PRECAUCIÓN: Existe el peligro de lesiones por pinchazo de aguja. - Una vez colocada la aguja, inyecte 200 μL de la emulsión IRBP. Al retirar la aguja, gire la cabeza de la aguja para cerrar la piel antes de retirarla y aplique presión después en el lugar de la inyección para evitar el reflujo de la emulsión.
PRECAUCIÓN: La emulsión no debe hacer contacto con la piel o el pelaje del ratón, ya que esto puede causar irritación y, en casos más graves, desarrollar una lesión. Si esto ocurre, el área debe limpiarse inmediatamente y completamente con etanol al 70% y luego secarse.
NOTA: Si se necesitan los ganglios linfáticos de drenaje para el examen al final del estudio, el sitio de inyección será diferente. En este caso, inyecte 100 μL a ambos lados del flanco por vía subcutánea. Esto generará una respuesta más fuerte en los ganglios linfáticos inguinales drenantes, que pueden extirparse en el momento de la recolección. Sin embargo, si el resultado previsto es únicamente desarrollar EAU, es preferible una sola inyección de 200 μL en la parte posterior del cuello para evitar molestias de múltiples sitios de inyección.

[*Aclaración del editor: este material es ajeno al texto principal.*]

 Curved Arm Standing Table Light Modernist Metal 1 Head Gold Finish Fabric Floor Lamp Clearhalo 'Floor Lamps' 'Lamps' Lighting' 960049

3. Evaluación clínica - Examen del fondo de ojo del ratón
NOTA: La enfermedad clínica debe calificarse mediante el examen del fondo de ojo, a través de imágenes en vivo de campo brillante utilizando un fundoscopio y el software Discover utilizado para la visualización.
- Al inicio de la enfermedad (día 12-14), sedar a los ratones bajo anestesia general usando una combinación de ketamina (50 mg / ml) y domitor (medetomidina; 1 mg / ml). Diluir 1 parte de Domitor; 1.5 partes de ketamina y 2.5 partes de agua inyectable estéril, luego inyecte 100 μL por 30 g por vía intraperitoneal. Use jeringas estériles de 1 ml y agujas 23G para la combinación de anestesia anterior.

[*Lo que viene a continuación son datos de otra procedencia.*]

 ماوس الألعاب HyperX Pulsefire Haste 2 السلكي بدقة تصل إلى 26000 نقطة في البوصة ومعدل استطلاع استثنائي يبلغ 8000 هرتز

- Después de esto, monitoree el mouse para asegurarse de que se pierdan todos los reflejos y que no responda a los estímulos.
- Inmediatamente después de recibir la inyección i.p. y mientras el ratón todavía se mantiene en un desaliño, aplique tropicamida al 1% y fenilefrina al 2,5% tópicamente en cada ojo para la dilatación de la pupila. Trate de cubrir completamente la córnea con ambas soluciones dilatadoras. Pueden pasar unos minutos antes de que la pupila esté completamente dilatada.
- Después, aplique generosamente al ojo ungüento viscotears y manténgalo durante todo el proceso de imagen para mantener el ojo completamente lubricado e hidratado.
- Mientras tanto, abra el software (por ejemplo, Discover) y configure el fundoscopio (por ejemplo, Micron) para capturar imágenes en campo claro. Asigne a cada ratón individual una carpeta y etiquete las imágenes con R o L de acuerdo con cada ojo fotografiado.
- Monte el ratón en un escenario especialmente diseñado para la visualización en vivo y coloque el microscopio para un acceso completo a la retina.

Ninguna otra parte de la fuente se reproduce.